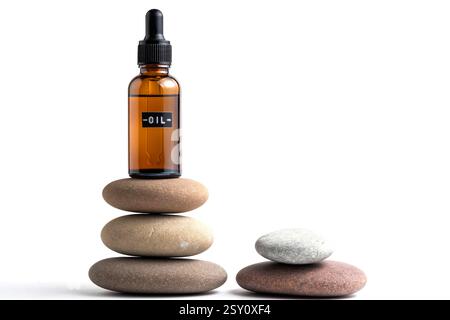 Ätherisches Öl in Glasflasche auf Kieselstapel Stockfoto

+++

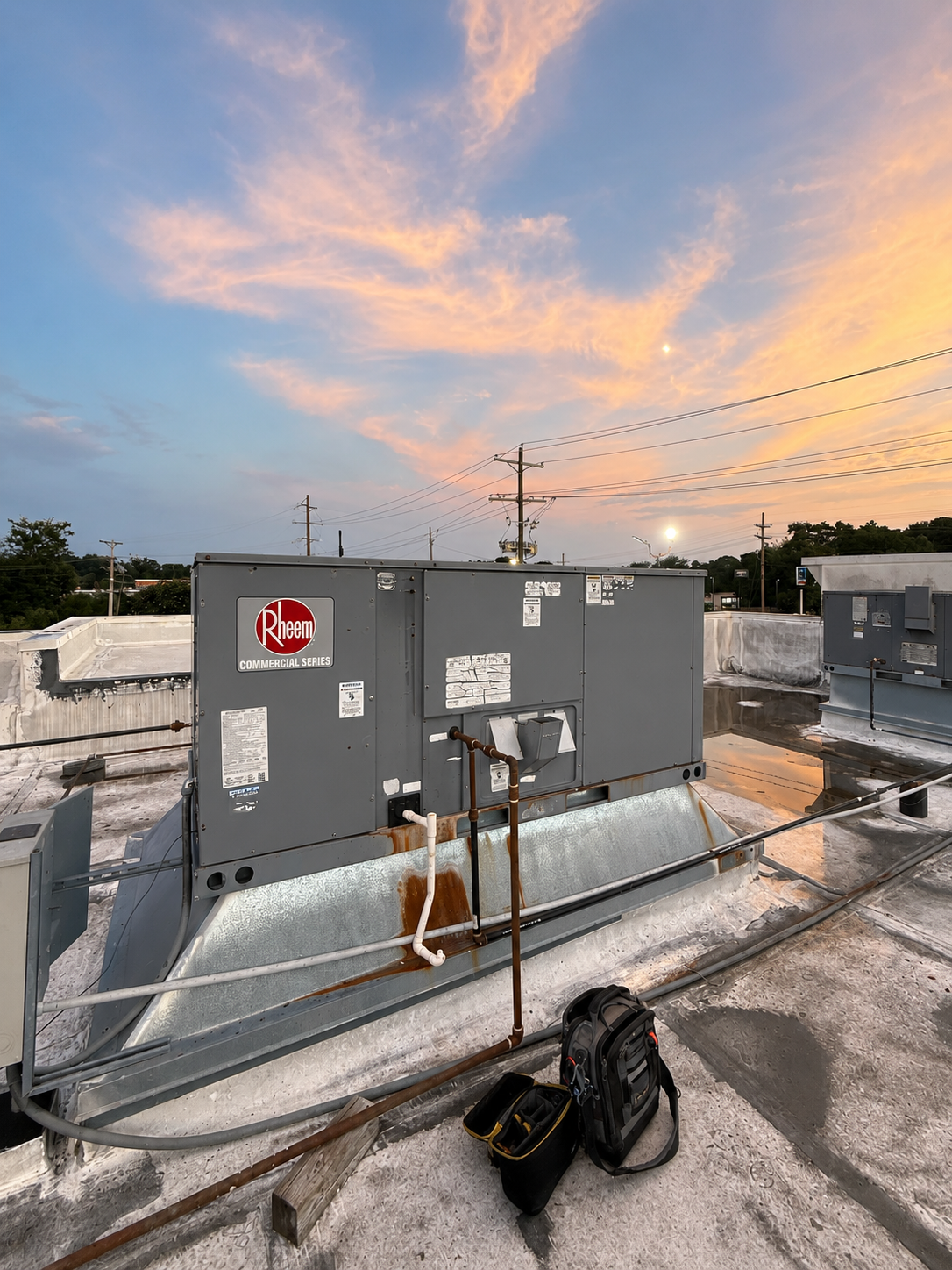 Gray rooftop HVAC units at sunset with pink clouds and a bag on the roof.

+++

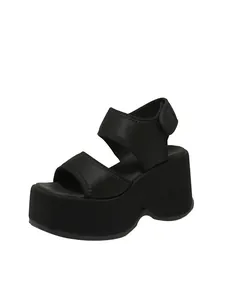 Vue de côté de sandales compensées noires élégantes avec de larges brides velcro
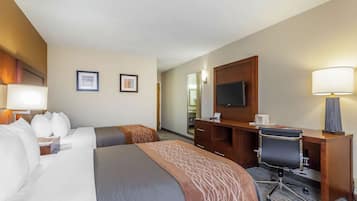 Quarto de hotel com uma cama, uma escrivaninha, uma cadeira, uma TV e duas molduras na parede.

+++

From the material above, reproduce only what runs from the line holding "Vue de côté" down to the line holding "Quarto de hotel", both included, pictures excluded.

 Vue de côté de sandales compensées noires élégantes avec de larges brides velcro
 Quarto de hotel com uma cama, uma escrivaninha, uma cadeira, uma TV e duas molduras na parede.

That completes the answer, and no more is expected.